Start of Data to process

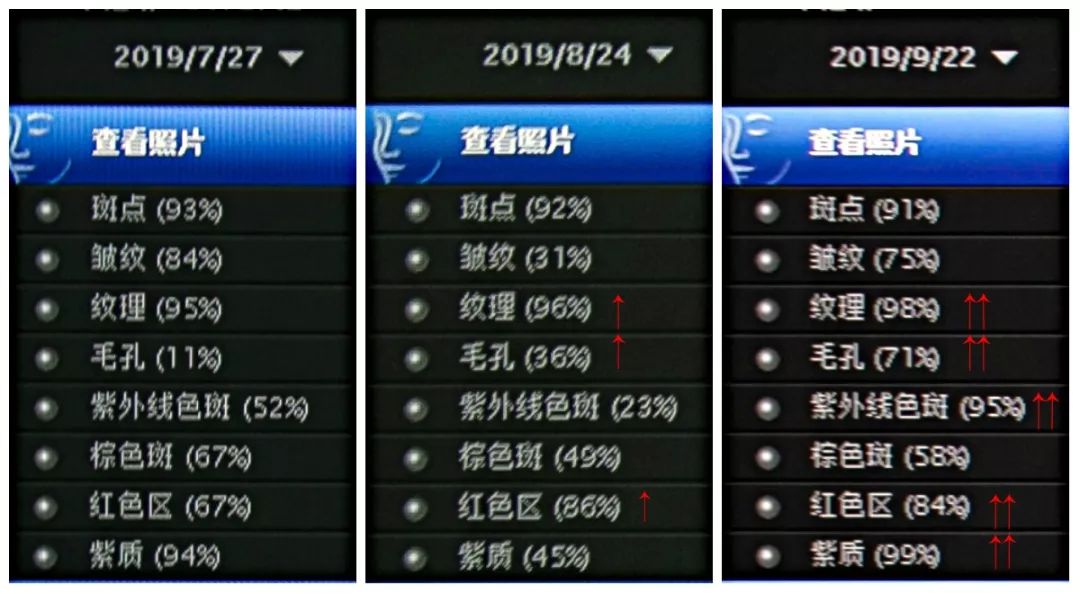 肌诊室水光肌挑战,肌诊室修复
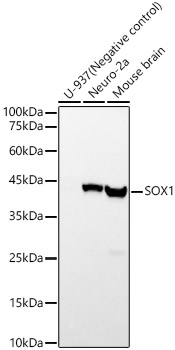 SOX1 Rabbit monoclonal antibody
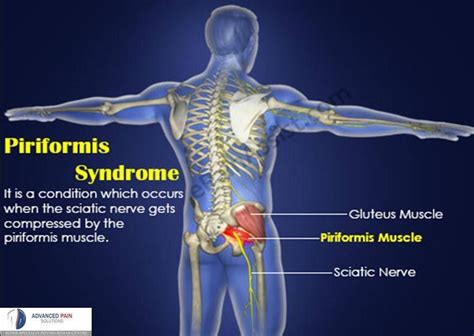 Piriformis Syndrome Piriformis Syndrome Sciatica Treatment Piriformis Muscle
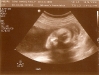 20-week-ultrasound-face-2.jpg
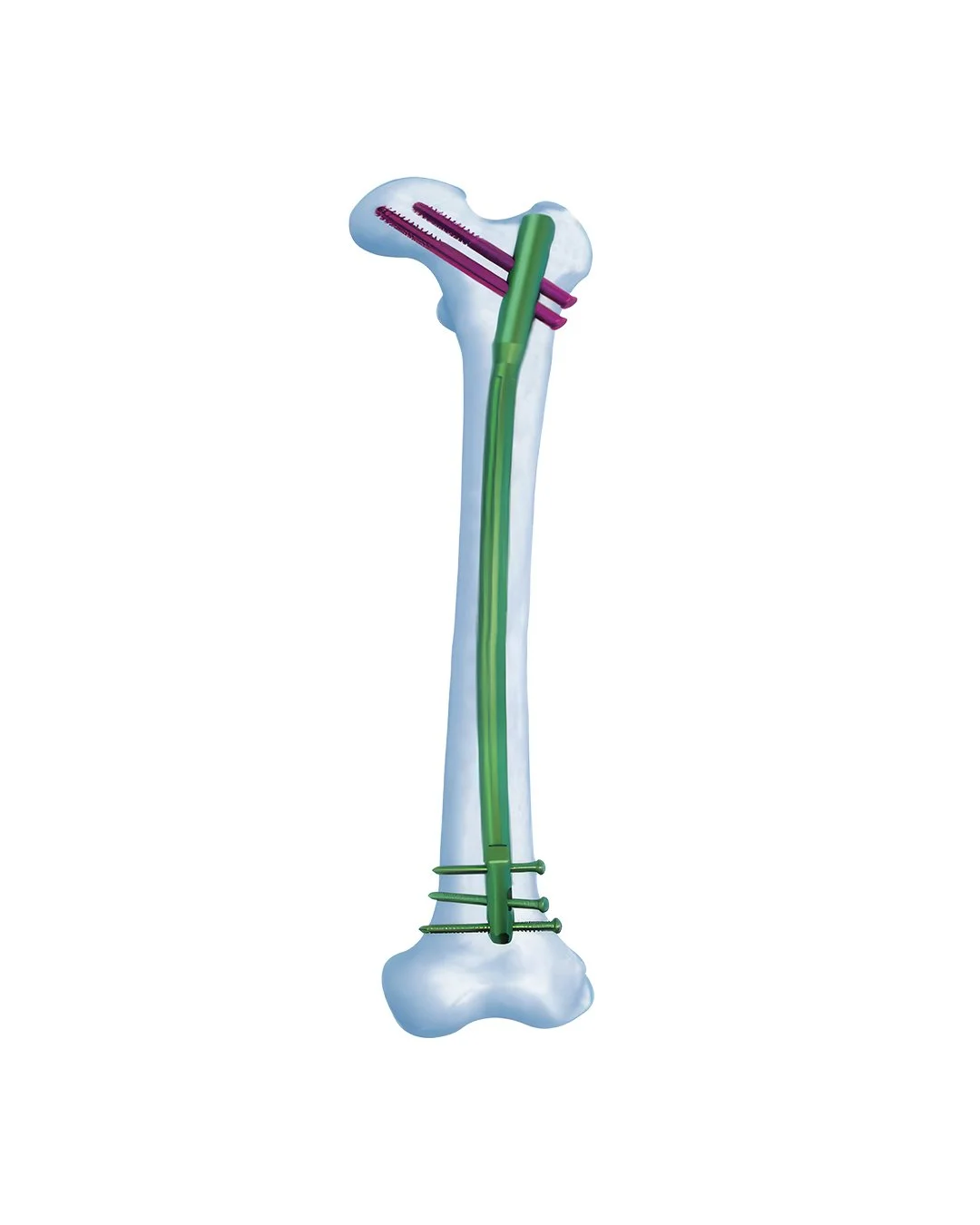 Clavo Femoral Universal II UFN II Expert de Reconstrucción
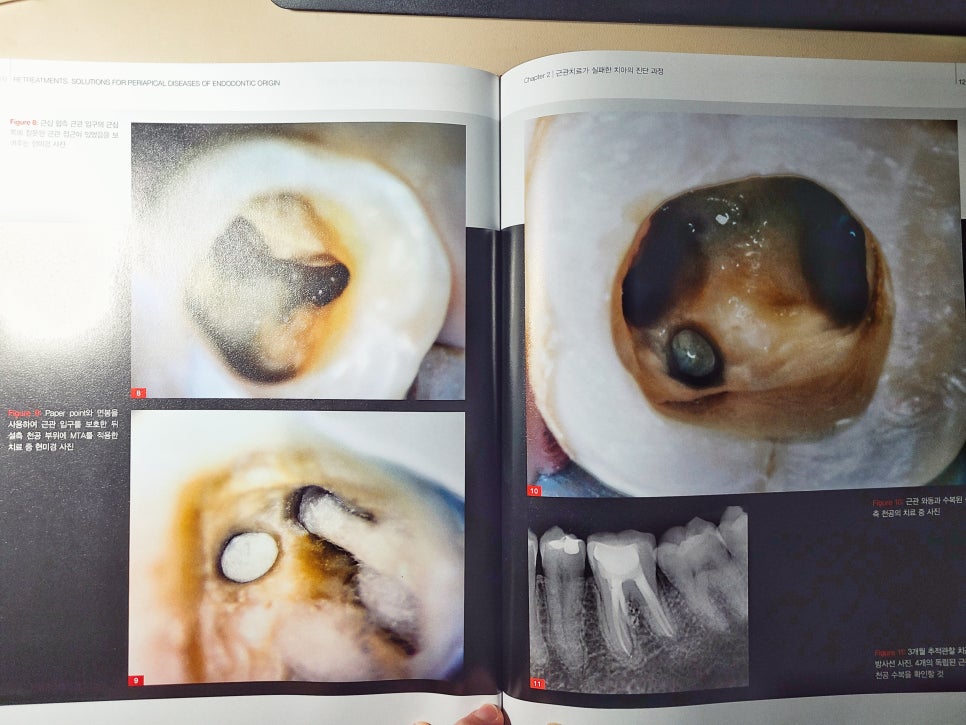 <책> 재근관치료 - 치수기원 치근단 병소의 치료 관련 이미지 3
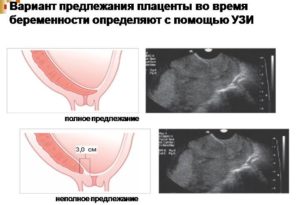 Плацента при беременности утолщена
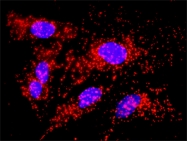 H00000811-D01P - Calreticulin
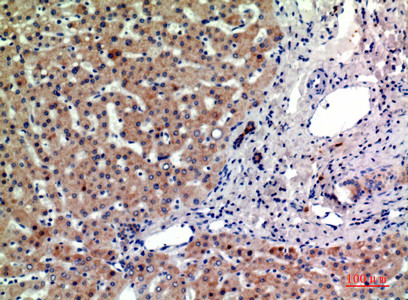 Immunohistochemical analysis of paraffin-embedded human-liver, antibody was diluted at 1:200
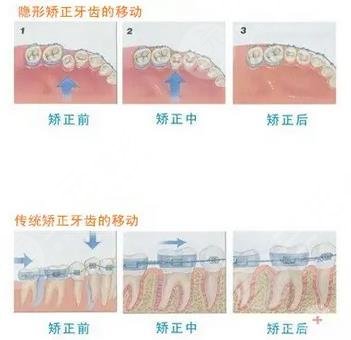 牙齿矫正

End of Data to process

Give again, word for word, each line from the one holding "<책> 재근관치료 - 치수기원 치근단 병소의 치료 관련 이미지 3" through the end of the entries, and leave out any picture.

Your solution
 <책> 재근관치료 - 치수기원 치근단 병소의 치료 관련 이미지 3
 Плацента при беременности утолщена
 H00000811-D01P - Calreticulin
 Immunohistochemical analysis of paraffin-embedded human-liver, antibody was diluted at 1:200
 牙齿矫正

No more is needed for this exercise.